Task brief:
All lines in the records below from the line with "Justin Theroux Longsleeve T-shirt #3284821" through the line with "Коропова розкладачка Ranger" are to be given again exactly, both ends included; the pictures are to be left out.

Recorded information:
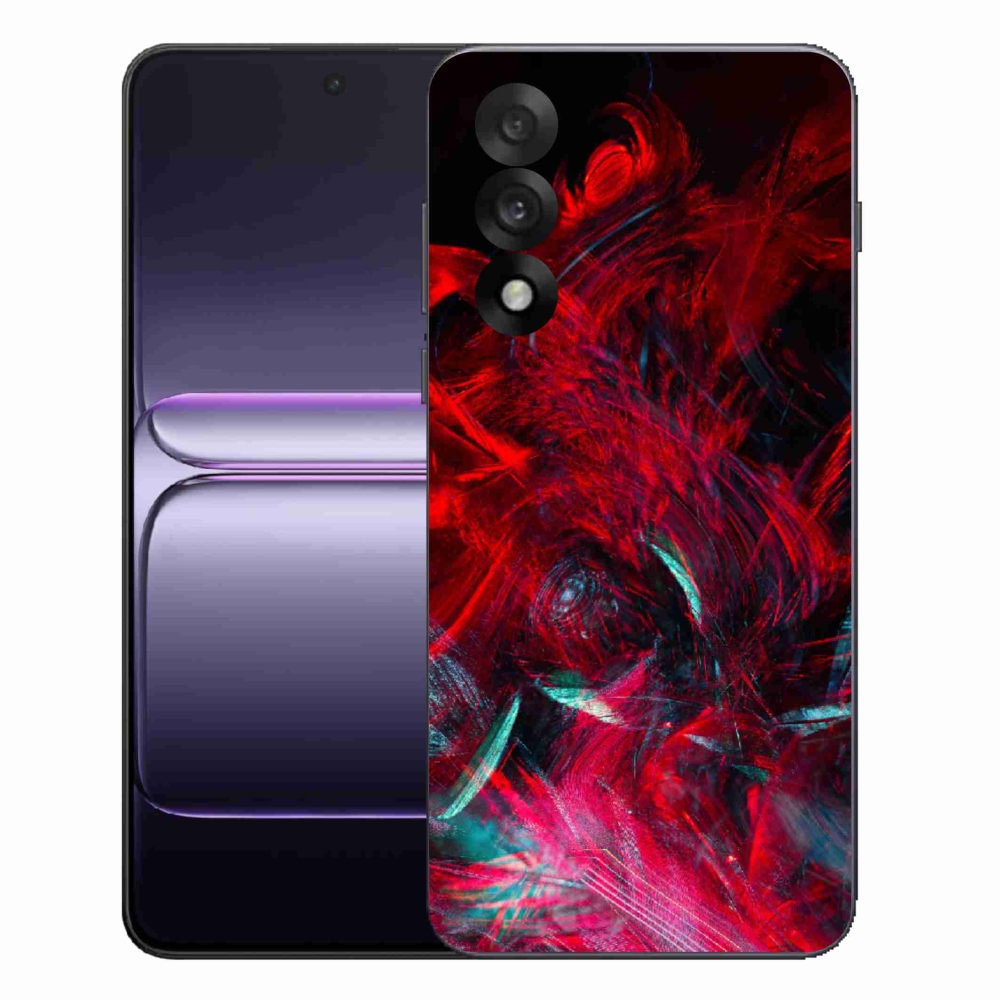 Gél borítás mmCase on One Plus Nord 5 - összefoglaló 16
* * *
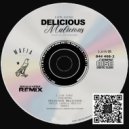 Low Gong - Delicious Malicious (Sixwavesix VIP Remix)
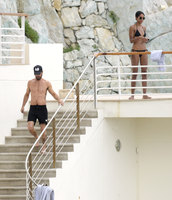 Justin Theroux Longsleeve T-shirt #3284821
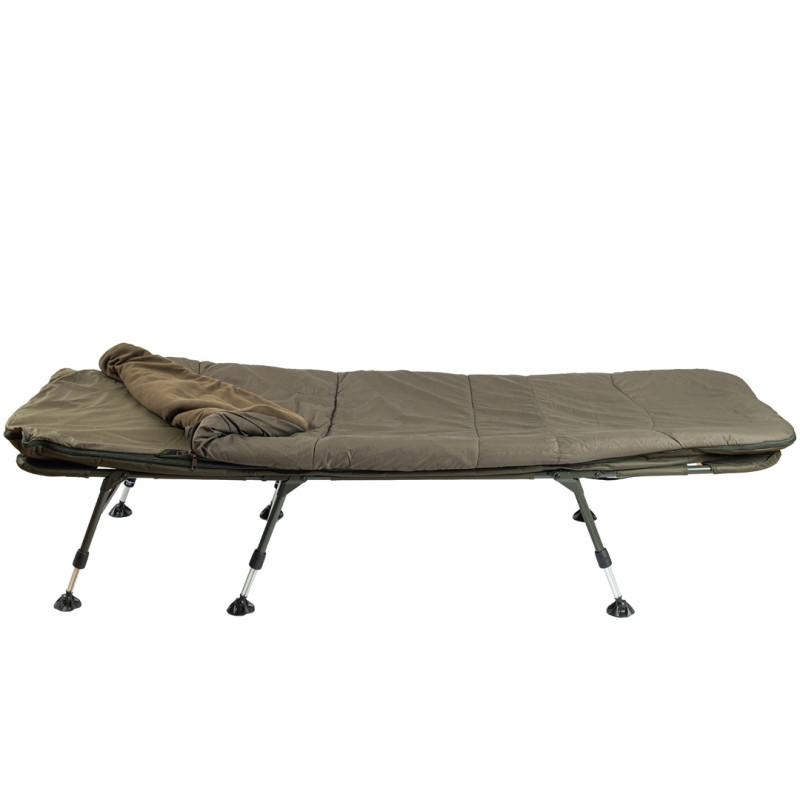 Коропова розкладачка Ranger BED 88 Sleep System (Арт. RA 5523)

Result of the task:
 Justin Theroux Longsleeve T-shirt #3284821
 Коропова розкладачка Ranger BED 88 Sleep System (Арт. RA 5523)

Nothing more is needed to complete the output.